What is expected >> Set down the data below exactly; pictures stay out.

Data provided >>
=== Begin Enclosure ===
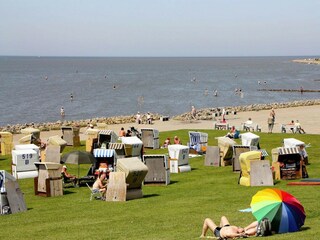 Parc de vacances Büsum Environnement 33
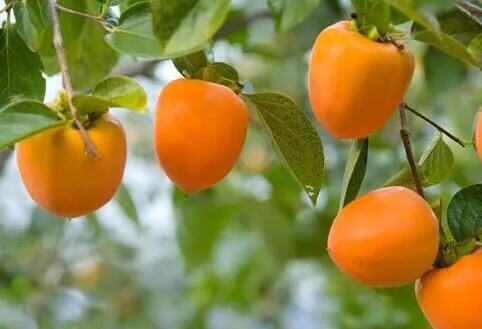 嫁接柿子用什么树做砧木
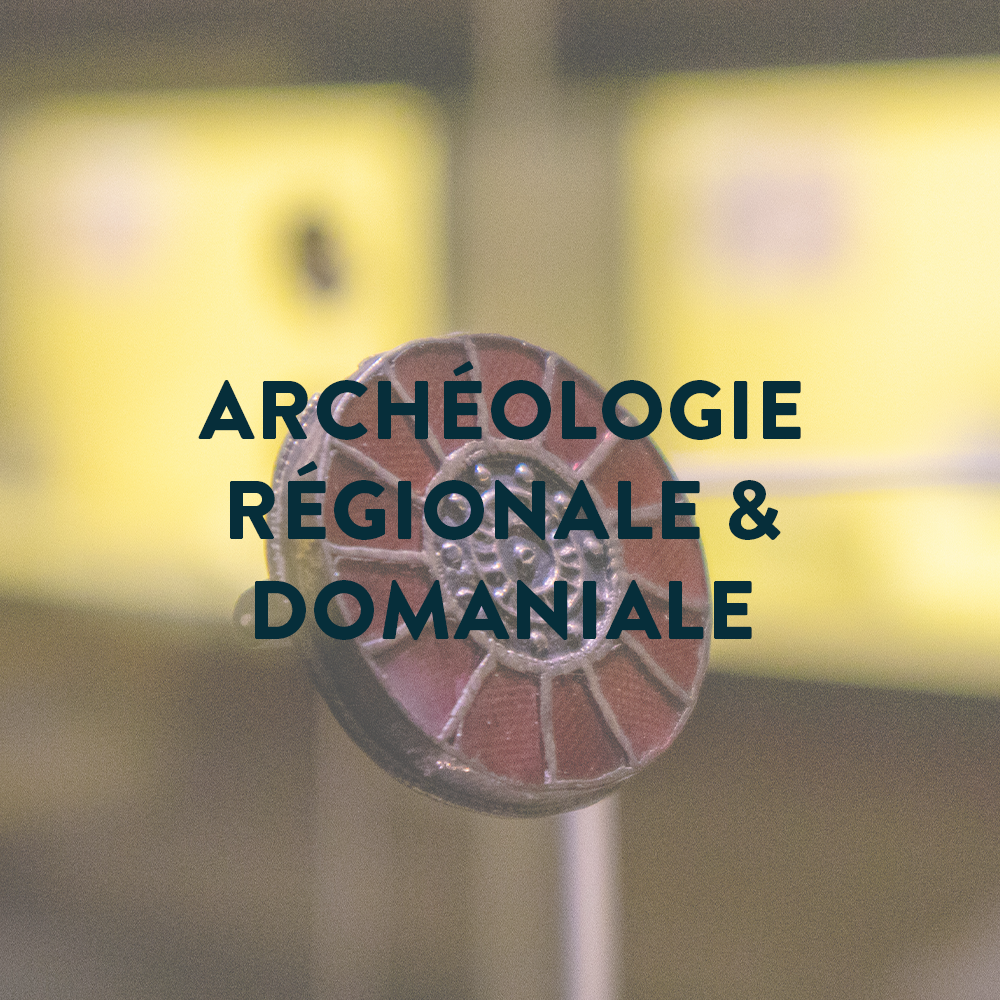 ​    ​Archéologie régionale & domaniale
=== End Enclosure ===
Final answer >>
 Parc de vacances Büsum Environnement 33
 嫁接柿子用什么树做砧木
 ​    ​Archéologie régionale & domaniale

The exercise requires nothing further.